Caption-style text data:
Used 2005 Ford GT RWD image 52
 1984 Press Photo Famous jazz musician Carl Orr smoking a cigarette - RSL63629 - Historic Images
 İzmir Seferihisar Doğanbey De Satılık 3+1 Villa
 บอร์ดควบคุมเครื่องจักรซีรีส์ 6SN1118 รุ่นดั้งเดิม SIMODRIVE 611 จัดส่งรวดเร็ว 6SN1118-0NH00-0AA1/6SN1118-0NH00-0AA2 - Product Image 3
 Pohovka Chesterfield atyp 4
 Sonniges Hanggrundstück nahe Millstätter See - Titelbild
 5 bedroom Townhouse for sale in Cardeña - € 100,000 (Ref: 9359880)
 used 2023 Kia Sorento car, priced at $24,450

▶ **TASK REQUIREMENTS**
Look above for the line containing "İzmir Seferihisar Doğanbey", then please write out that line and each one after it through the end, exactly, with nothing else.

▶ **SOLUTION TO THIS EXERCISE**
 İzmir Seferihisar Doğanbey De Satılık 3+1 Villa
 บอร์ดควบคุมเครื่องจักรซีรีส์ 6SN1118 รุ่นดั้งเดิม SIMODRIVE 611 จัดส่งรวดเร็ว 6SN1118-0NH00-0AA1/6SN1118-0NH00-0AA2 - Product Image 3
 Pohovka Chesterfield atyp 4
 Sonniges Hanggrundstück nahe Millstätter See - Titelbild
 5 bedroom Townhouse for sale in Cardeña - € 100,000 (Ref: 9359880)
 used 2023 Kia Sorento car, priced at $24,450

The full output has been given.